ACTIVITY:
Nothing in the data should change when you return it, but leave the pictures out.
↓
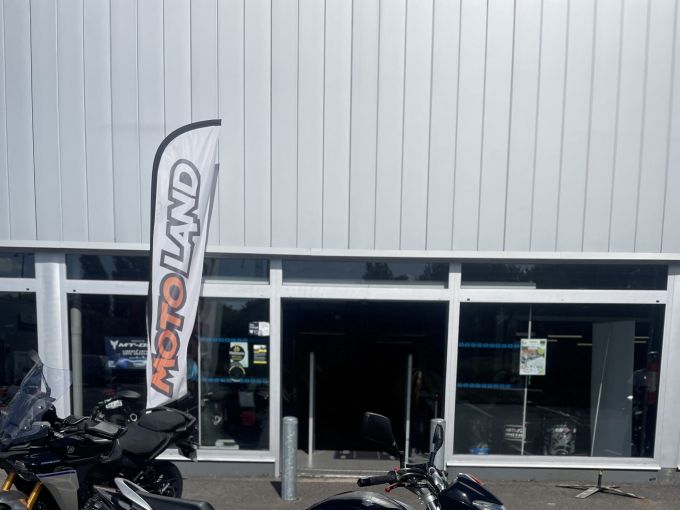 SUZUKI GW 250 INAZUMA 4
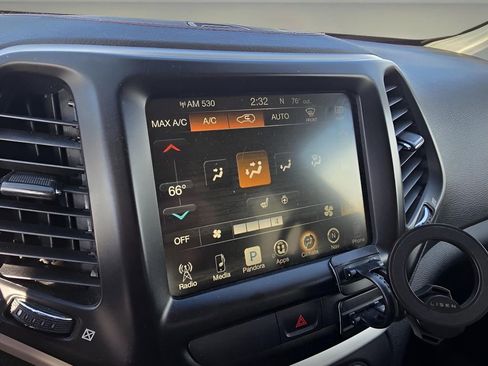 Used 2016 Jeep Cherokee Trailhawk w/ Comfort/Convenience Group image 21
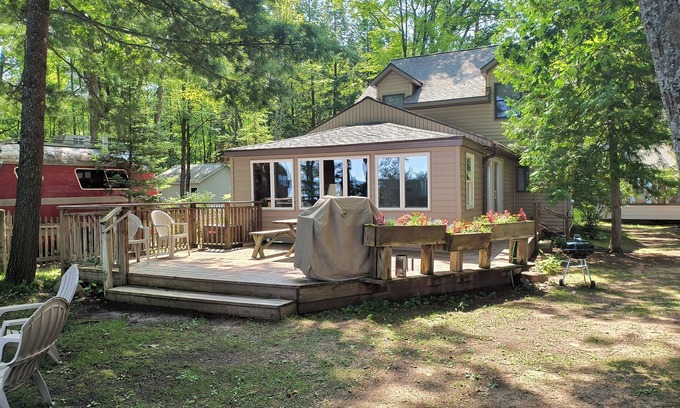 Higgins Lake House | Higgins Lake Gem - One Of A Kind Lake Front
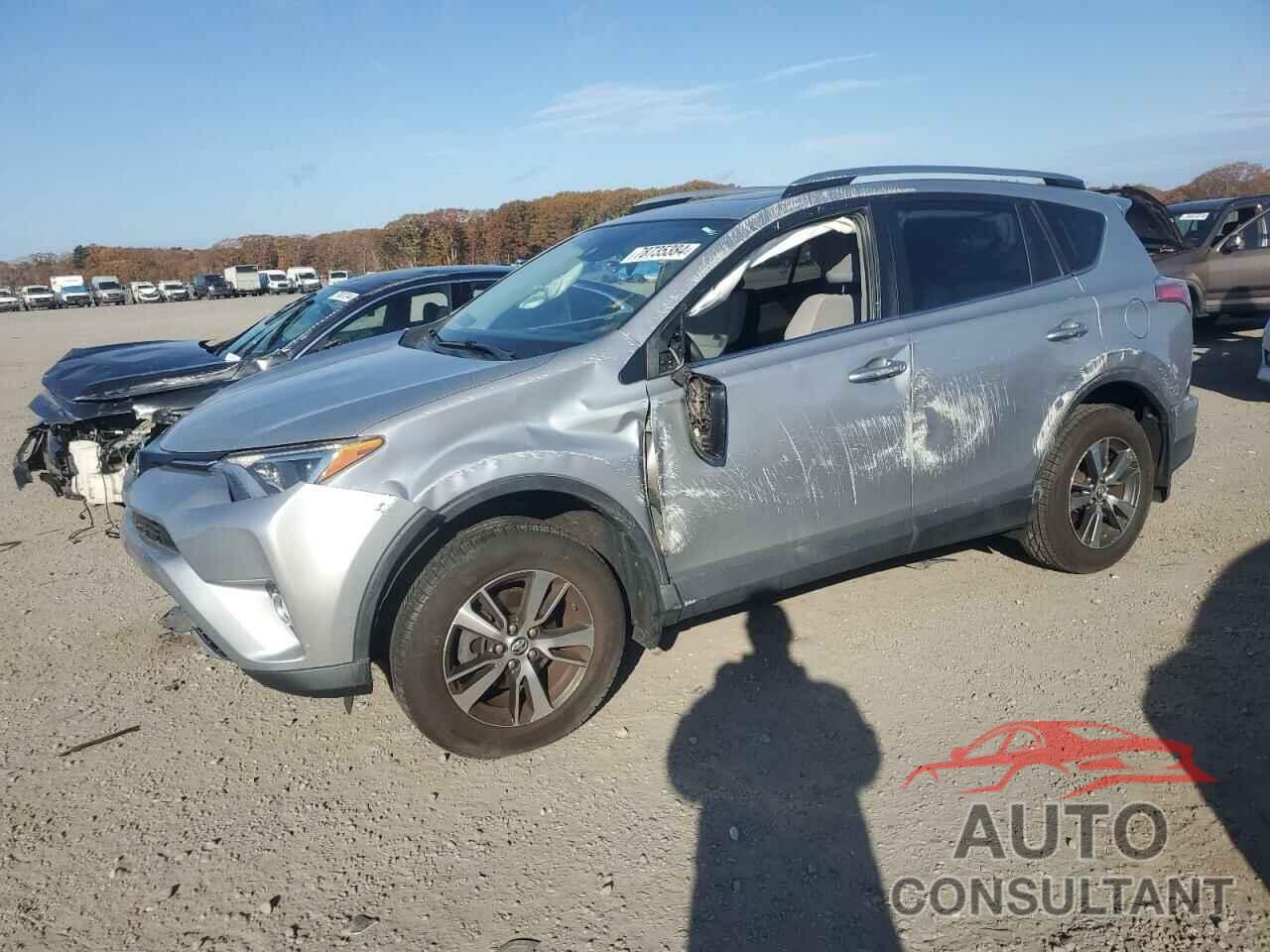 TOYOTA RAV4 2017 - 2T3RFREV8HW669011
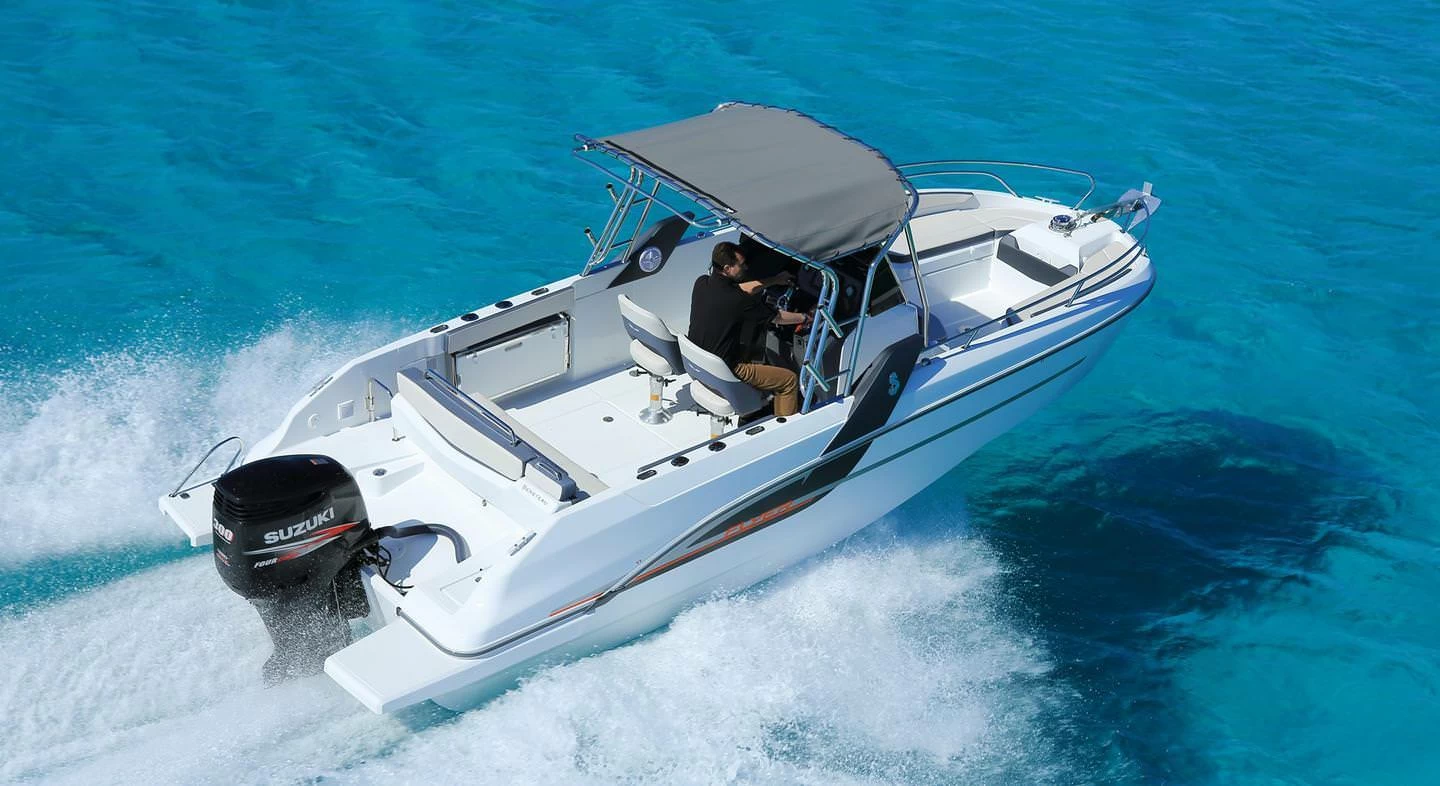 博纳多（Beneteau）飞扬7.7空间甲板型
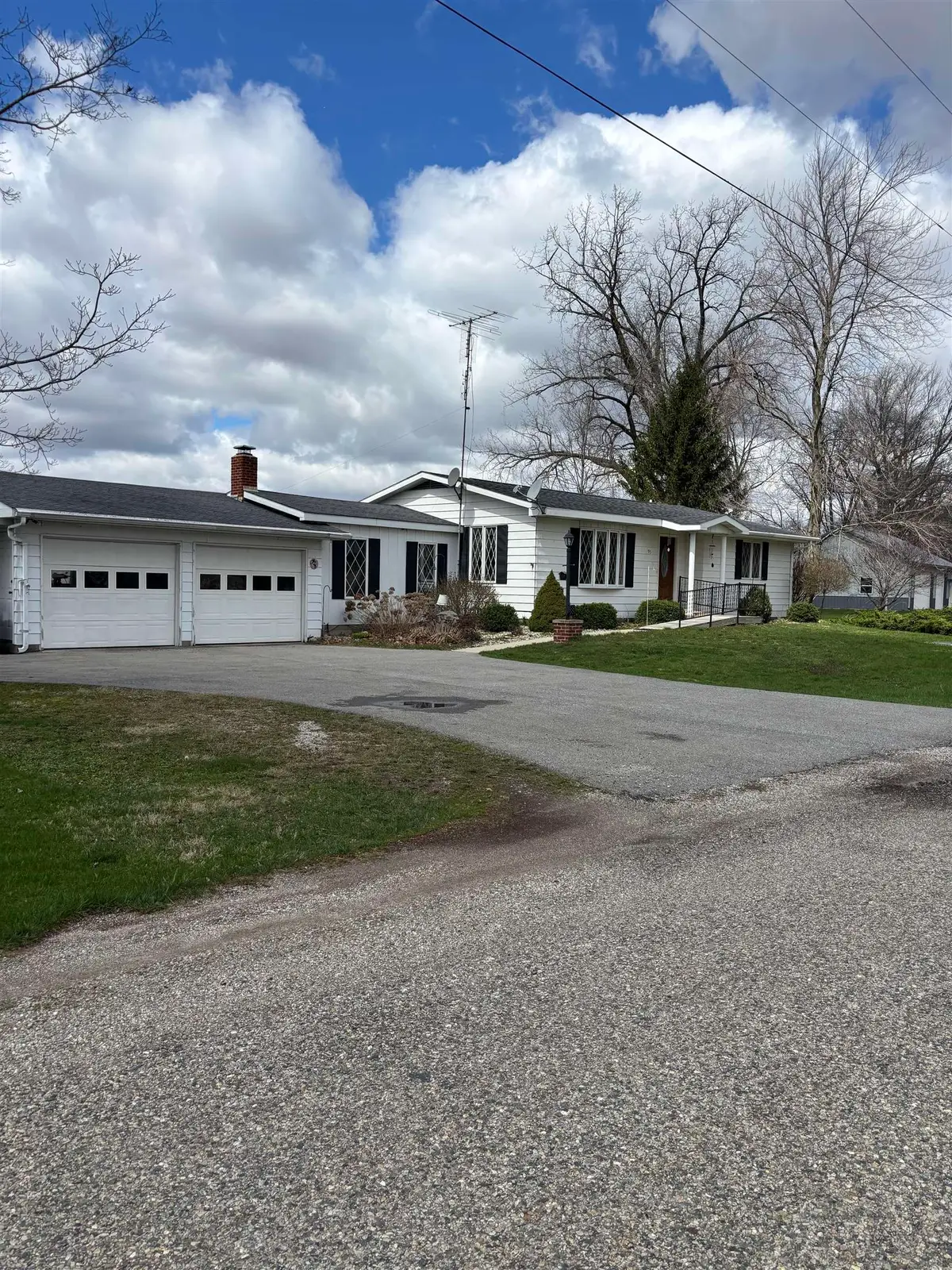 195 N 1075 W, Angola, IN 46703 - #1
↑
EXERCISE RESPONSE:
 SUZUKI GW 250 INAZUMA 4
 Used 2016 Jeep Cherokee Trailhawk w/ Comfort/Convenience Group image 21
 Higgins Lake House | Higgins Lake Gem - One Of A Kind Lake Front
 TOYOTA RAV4 2017 - 2T3RFREV8HW669011
 博纳多（Beneteau）飞扬7.7空间甲板型
 195 N 1075 W, Angola, IN 46703 - #1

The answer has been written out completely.